▶ [Task directions]:
Could you report every line from the entries that includes the word "Cross"?
******
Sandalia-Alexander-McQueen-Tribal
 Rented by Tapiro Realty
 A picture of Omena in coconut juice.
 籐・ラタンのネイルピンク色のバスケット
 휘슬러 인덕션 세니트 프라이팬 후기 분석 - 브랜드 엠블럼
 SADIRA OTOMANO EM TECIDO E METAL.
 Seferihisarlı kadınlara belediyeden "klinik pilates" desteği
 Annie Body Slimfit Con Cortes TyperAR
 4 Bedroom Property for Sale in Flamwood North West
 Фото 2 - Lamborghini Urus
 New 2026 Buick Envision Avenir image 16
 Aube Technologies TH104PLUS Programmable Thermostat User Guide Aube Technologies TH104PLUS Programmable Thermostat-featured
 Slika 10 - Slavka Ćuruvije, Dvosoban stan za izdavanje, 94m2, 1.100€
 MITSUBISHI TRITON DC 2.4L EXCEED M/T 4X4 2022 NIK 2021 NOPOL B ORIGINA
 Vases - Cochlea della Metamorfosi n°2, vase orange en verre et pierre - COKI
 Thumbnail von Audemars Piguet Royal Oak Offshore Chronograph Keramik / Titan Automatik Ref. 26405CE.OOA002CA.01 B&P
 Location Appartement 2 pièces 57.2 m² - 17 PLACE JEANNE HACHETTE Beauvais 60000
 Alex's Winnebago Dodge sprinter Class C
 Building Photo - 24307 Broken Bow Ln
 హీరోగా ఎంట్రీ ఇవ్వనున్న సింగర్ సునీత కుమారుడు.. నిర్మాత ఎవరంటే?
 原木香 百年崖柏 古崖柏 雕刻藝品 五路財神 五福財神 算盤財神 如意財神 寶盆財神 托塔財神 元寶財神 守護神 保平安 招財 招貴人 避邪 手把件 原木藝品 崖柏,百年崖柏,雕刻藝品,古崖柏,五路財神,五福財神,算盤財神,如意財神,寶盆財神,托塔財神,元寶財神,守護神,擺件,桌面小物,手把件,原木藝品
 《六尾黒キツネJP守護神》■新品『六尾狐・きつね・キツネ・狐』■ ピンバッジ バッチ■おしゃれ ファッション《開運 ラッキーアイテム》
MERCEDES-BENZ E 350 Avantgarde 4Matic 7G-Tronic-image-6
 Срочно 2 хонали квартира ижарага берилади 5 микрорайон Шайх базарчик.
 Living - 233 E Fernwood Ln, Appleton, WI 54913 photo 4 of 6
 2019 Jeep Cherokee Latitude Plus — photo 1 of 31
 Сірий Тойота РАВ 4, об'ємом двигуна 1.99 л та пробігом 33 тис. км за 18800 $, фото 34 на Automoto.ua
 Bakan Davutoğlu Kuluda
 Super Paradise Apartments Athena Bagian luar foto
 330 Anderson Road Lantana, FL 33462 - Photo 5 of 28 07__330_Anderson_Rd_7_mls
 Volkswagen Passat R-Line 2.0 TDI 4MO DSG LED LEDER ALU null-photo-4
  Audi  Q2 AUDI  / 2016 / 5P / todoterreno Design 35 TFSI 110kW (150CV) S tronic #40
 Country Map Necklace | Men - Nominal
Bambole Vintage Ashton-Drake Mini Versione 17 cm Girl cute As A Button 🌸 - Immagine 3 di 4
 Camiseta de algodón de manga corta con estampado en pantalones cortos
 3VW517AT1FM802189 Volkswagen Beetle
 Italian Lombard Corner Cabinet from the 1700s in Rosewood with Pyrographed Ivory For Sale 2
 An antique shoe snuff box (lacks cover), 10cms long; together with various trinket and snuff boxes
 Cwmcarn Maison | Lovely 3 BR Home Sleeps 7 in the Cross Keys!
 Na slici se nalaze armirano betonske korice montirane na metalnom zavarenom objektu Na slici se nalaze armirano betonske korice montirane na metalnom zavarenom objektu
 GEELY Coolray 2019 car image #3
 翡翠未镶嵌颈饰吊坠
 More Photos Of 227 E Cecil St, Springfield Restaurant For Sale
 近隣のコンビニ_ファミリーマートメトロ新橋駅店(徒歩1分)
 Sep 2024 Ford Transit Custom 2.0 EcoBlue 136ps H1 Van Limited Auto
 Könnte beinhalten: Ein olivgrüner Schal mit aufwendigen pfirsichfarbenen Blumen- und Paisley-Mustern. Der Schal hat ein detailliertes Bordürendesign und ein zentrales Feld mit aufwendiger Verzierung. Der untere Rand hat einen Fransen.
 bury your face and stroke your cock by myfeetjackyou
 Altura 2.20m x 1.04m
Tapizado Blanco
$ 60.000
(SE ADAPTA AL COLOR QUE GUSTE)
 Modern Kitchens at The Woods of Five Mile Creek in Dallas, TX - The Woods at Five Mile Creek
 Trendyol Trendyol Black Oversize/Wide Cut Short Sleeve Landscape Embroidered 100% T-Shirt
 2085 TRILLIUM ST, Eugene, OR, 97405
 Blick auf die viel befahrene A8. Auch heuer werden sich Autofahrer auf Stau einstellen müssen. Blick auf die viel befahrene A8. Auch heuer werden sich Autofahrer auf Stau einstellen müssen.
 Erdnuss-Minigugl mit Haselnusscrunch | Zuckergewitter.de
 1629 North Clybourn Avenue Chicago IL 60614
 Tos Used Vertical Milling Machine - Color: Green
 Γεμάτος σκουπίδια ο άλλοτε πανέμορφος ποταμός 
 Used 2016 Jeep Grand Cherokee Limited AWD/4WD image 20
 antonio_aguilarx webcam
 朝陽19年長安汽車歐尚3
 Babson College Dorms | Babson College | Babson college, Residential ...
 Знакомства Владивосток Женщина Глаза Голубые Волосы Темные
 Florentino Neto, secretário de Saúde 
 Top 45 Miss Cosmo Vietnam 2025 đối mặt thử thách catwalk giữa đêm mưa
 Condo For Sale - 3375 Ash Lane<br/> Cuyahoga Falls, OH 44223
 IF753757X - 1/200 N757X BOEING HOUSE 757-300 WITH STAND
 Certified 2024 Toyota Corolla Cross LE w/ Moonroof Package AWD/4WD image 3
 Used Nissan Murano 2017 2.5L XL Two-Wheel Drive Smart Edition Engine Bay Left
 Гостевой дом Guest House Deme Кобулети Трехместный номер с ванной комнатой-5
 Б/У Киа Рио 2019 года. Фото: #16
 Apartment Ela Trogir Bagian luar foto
******
▶ [Task response]:
 Cwmcarn Maison | Lovely 3 BR Home Sleeps 7 in the Cross Keys!
 Certified 2024 Toyota Corolla Cross LE w/ Moonroof Package AWD/4WD image 3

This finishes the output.